WORK INSTRUCTION: Starting with the line that contains "Поло тениска Nike", copy every line through the end of the listing, exactly and only those. No pictures should appear in the copy.

------------------------------------

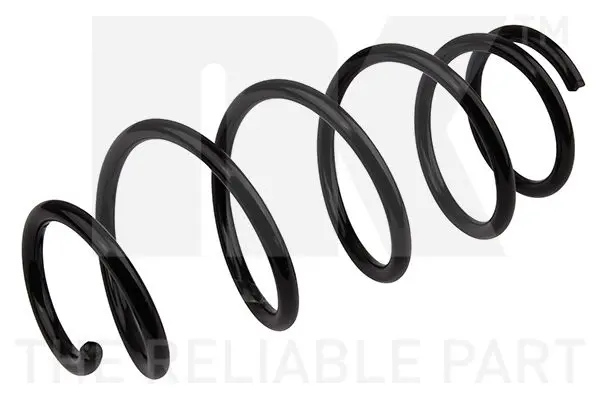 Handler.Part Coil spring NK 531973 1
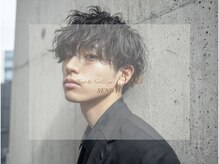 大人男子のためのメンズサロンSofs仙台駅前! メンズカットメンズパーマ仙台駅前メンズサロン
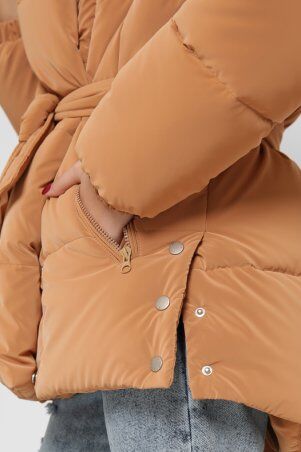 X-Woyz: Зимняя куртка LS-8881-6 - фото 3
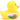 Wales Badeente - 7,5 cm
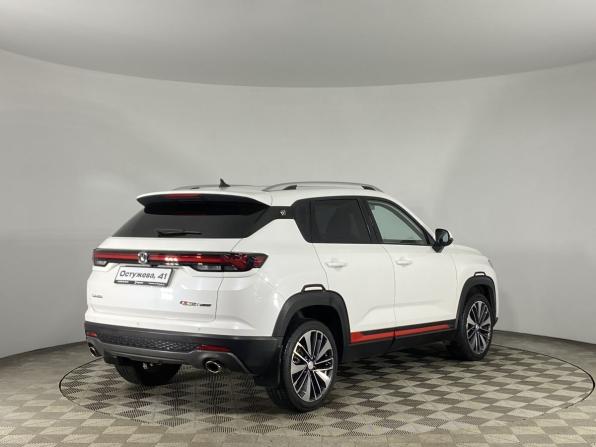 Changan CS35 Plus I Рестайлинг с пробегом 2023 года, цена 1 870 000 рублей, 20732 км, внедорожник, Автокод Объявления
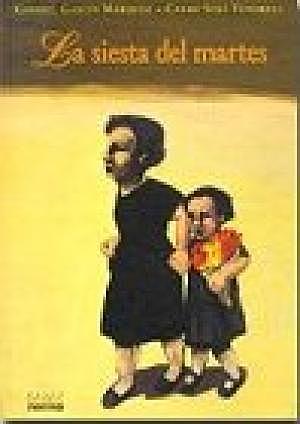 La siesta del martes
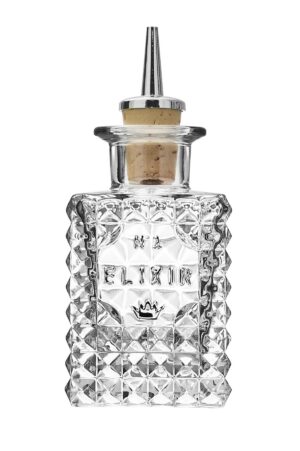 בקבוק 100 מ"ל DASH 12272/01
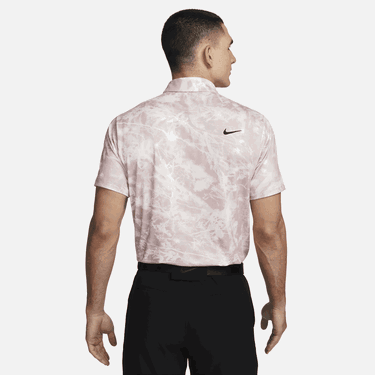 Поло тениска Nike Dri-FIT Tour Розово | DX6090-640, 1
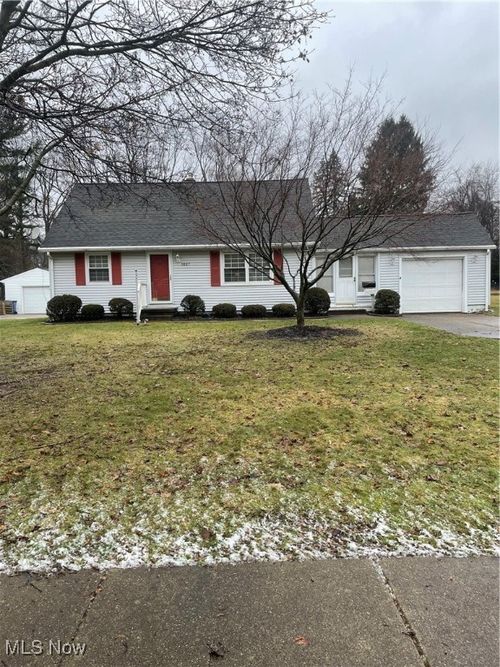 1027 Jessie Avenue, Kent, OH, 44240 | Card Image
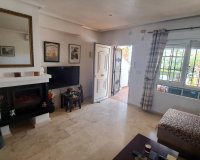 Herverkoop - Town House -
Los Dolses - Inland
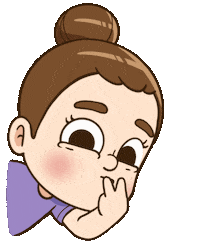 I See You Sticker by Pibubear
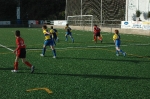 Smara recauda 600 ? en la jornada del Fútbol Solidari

------------------------------------

WRITTEN ANSWER:
 Поло тениска Nike Dri-FIT Tour Розово | DX6090-640, 1
 1027 Jessie Avenue, Kent, OH, 44240 | Card Image
 Herverkoop - Town House -
Los Dolses - Inland
 I See You Sticker by Pibubear
 Smara recauda 600 ? en la jornada del Fútbol Solidari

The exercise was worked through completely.